Task goal — An image-free reproduction of the data below is needed: print it exactly.

Scraped caption text data
┄┄┄┄┄┄┄┄┄┄┄┄┄┄┄┄┄┄┄┄
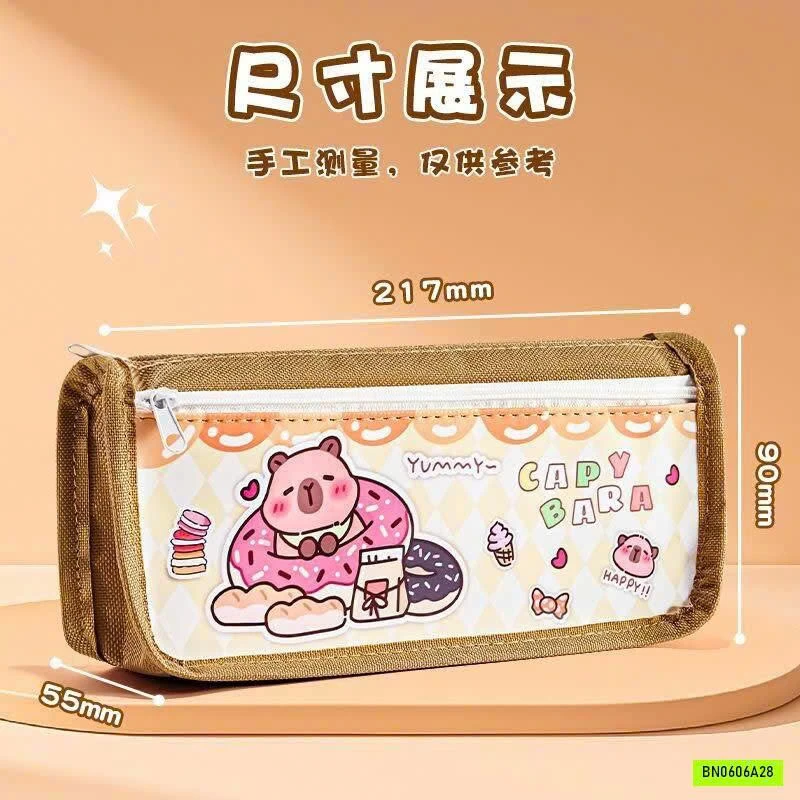 SET HỘP BÚT KÈM THỜI KHÓA BIỂU + 10 BÚT CHÌ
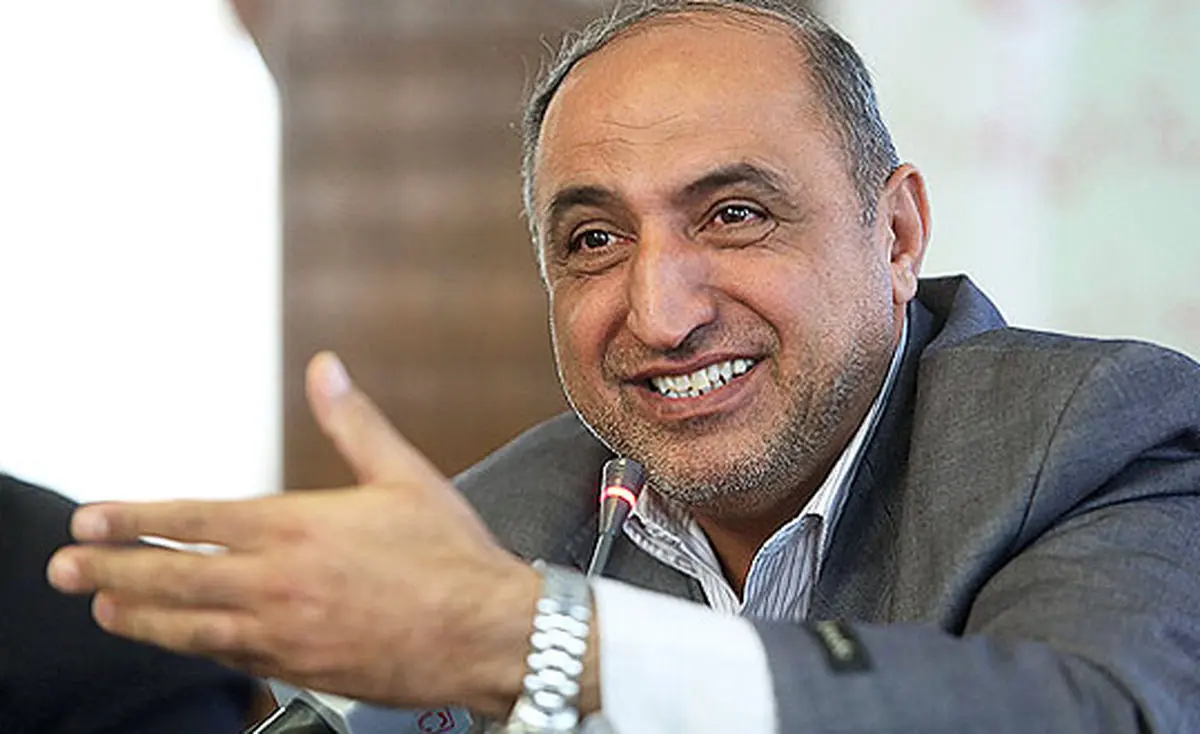 تخریب کامل طبقه هفتم پاساژ علاءالدین تا دو هفته دیگر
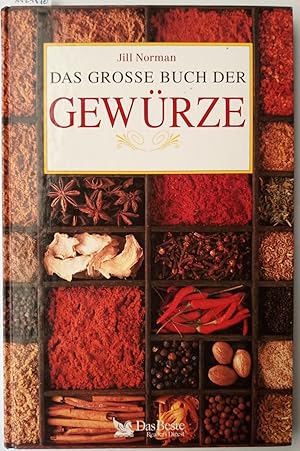 Das grosse Buch der Gewürze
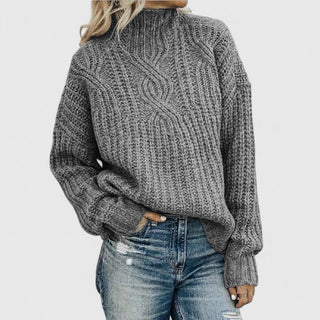 Aerynna | Elegancki sweter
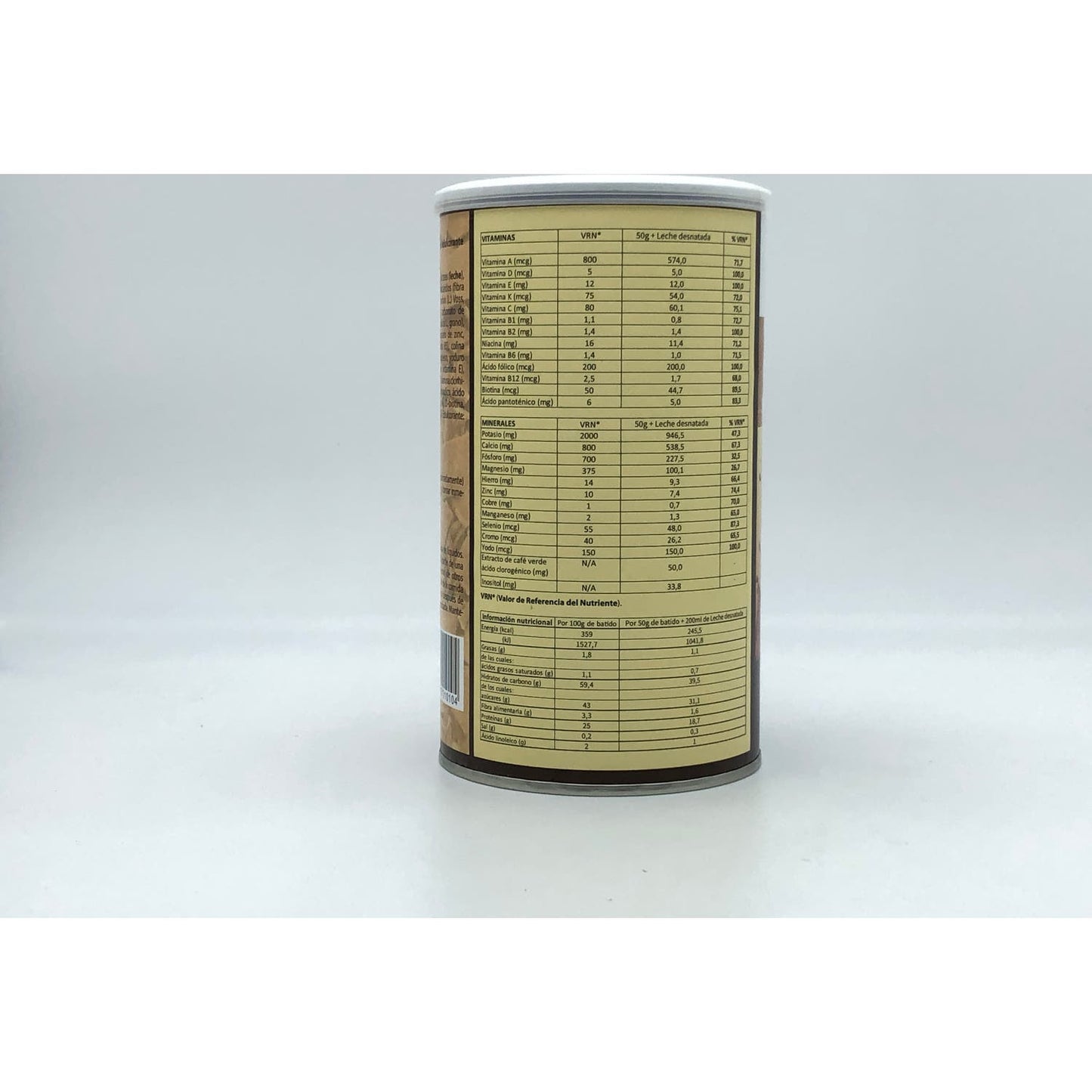 Sotya Batido Saciante Chocolate 600g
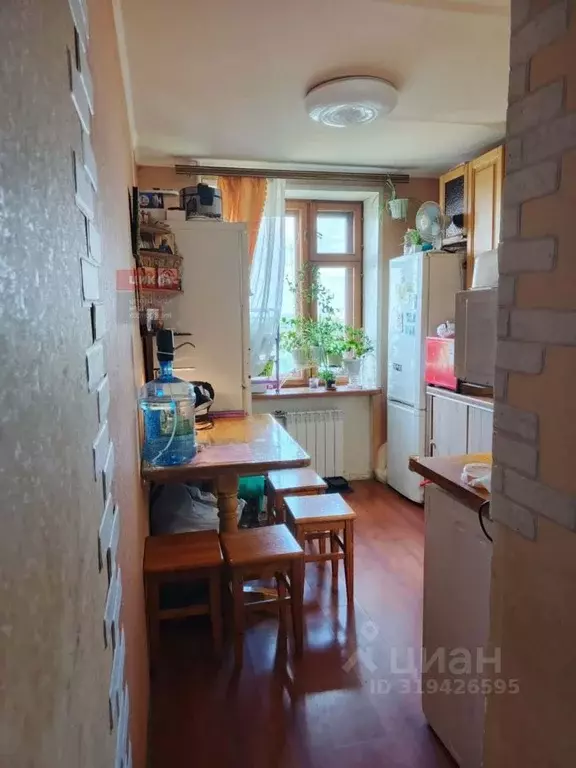 2-к кв. Рязанская область, Рязань ул. Крупской, 15 (48.0 м) - Фото 0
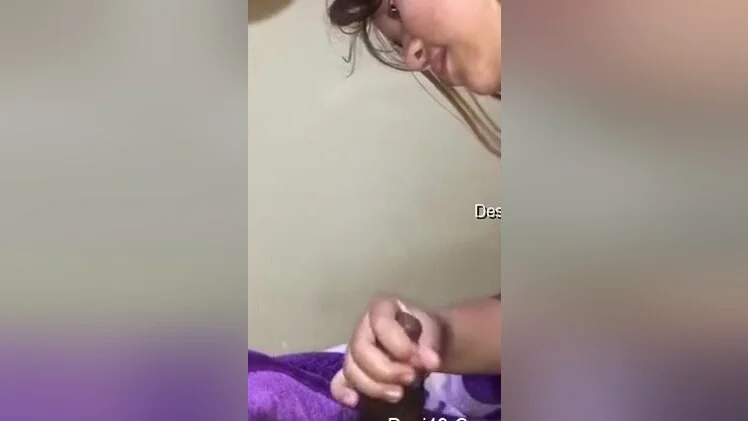 Today Exclusive- Manipuri Gf Sucking Dick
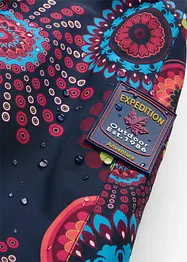 Funkční bunda s kapucí 3 v 1, nepromokavá, bonprix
┄┄┄┄┄┄┄┄┄┄┄┄┄┄┄┄┄┄┄┄
Result —
 SET HỘP BÚT KÈM THỜI KHÓA BIỂU + 10 BÚT CHÌ
 تخریب کامل طبقه هفتم پاساژ علاءالدین تا دو هفته دیگر
 Das grosse Buch der Gewürze
 Aerynna | Elegancki sweter
 Sotya Batido Saciante Chocolate 600g
 2-к кв. Рязанская область, Рязань ул. Крупской, 15 (48.0 м) - Фото 0
 Today Exclusive- Manipuri Gf Sucking Dick
 Funkční bunda s kapucí 3 v 1, nepromokavá, bonprix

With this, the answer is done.